Collected data
-------

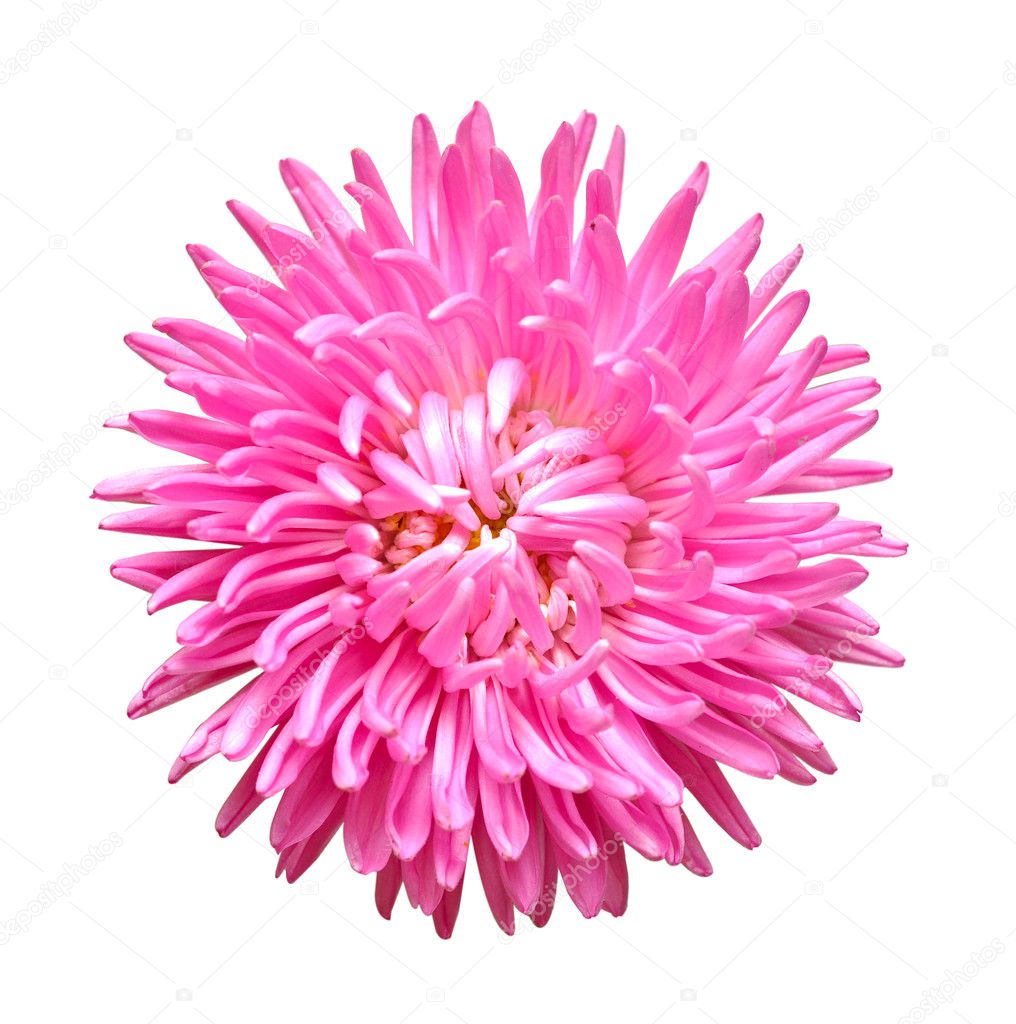 Single aster flower head isolated on white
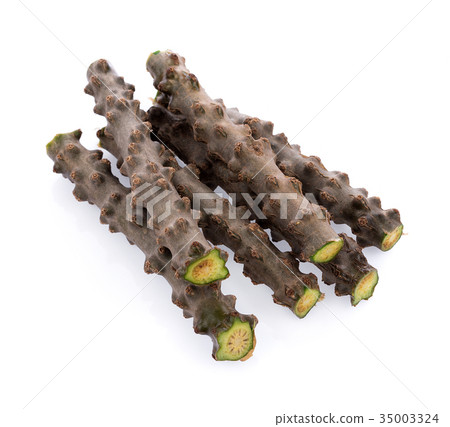 Tinospora Cordifolia isolated on white background 35003324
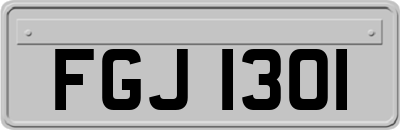 FGJ1301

-------

What needs to be done
With the images omitted, repeat all the data word for word.

Response below
 Single aster flower head isolated on white
 Tinospora Cordifolia isolated on white background 35003324
 FGJ1301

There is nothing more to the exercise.